Yaşamı, kaostan çıkararak fraktal organizasyona dönüştürür.

Meditatif dansın doğal gelişimiyle ifade yetenekleri gelişir.
Düşünceler, harekete dönüşür. Potansiyel, kullanılabilir hale gelir. Uyuyan kaslar, hayat bulur. Ölü kütleler canlanır. Endişeler dizginlenir. Beden çizgileri uzamaya ve düzelmeye başlar. Sırt, dikliğini bulur. Sembolik ifadesi hafıza olan sırt, meditatif dansın temel noktasıdır. Her yeni gelişim sonunda sırtta yeni bir diklik, benlikte yeni bir güven hissi ve ifadede cesaret oluşur. Sadece omurgada bulunan altı yüzü aşkın kas, bir seneye yayılan sürede canlanır ve güçlenir.

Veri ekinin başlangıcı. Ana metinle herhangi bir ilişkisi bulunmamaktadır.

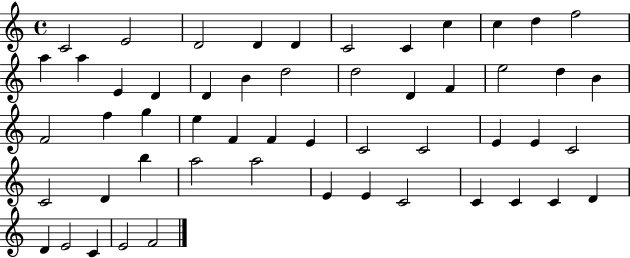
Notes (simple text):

C4/h E4/h D4/h D4/q D4/q C4/h C4/q C5/q C5/q D5/q F5/h A5/q A5/q E4/q D4/q D4/q B4/q D5/h D5/h D4/q F4/q E5/h D5/q B4/q F4/h F5/q G5/q E5/q F4/q F4/q E4/q C4/h C4/h E4/q E4/q C4/h C4/h D4/q B5/q A5/h A5/h E4/q E4/q C4/h C4/q C4/q C4/q D4/q D4/q E4/h C4/q E4/h F4/h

Hafızamızda ve geçmişimizde saklı, bilinçaltında her zaman canlı pişmanlık, tutarsızlık ve suçlululuk hislerinden kaynaklanan korkular, yerini sonsuz bir güvene, sorumluluk hissine ve olgunluğa bırakır. Böylece kendi geçmişimizi bir kambur gibi taşımaktan vazgeçer, onun doğruluk ve saflıklarını ayırt ederek, vicdanımızı yok saymak yerine, onunla anlaşmaya başlarız.

Ve hafızamızın üstünde, esnek bir çizgiye sahip oluruz. Tüm özelliklerimize ifade canlılığı ve birleşenlerimize uyum getiririz.